• Exercise instructions:
I need every line of the material below that includes the string "https".

• Dataset content:
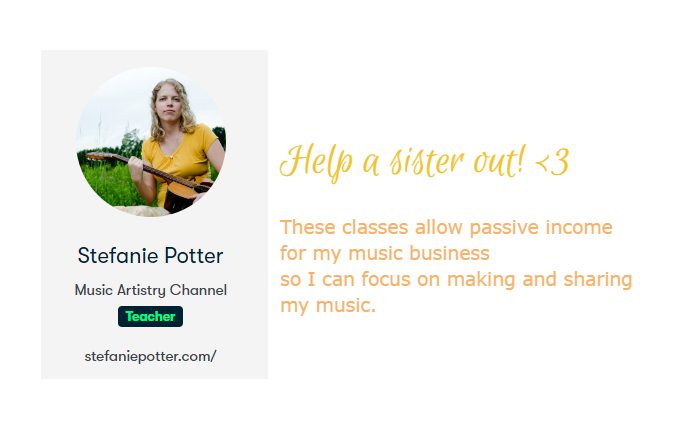 StefPotterMusic's tweet photo. Some bad news came in... 3 of my Skillshare Classes might close in August. *But you can help!*

You can join Skillshare for free for a month, then check out my classes and post a [positive ;) ] review! 
https://t.co/8vdTkZNy2S

If you do this, I'll send you free merch! https://t.co/3LIjfDoqEj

• Output of the task:
https://t.co/8vdTkZNy2S
If you do this, I'll send you free merch! https://t.co/3LIjfDoqEj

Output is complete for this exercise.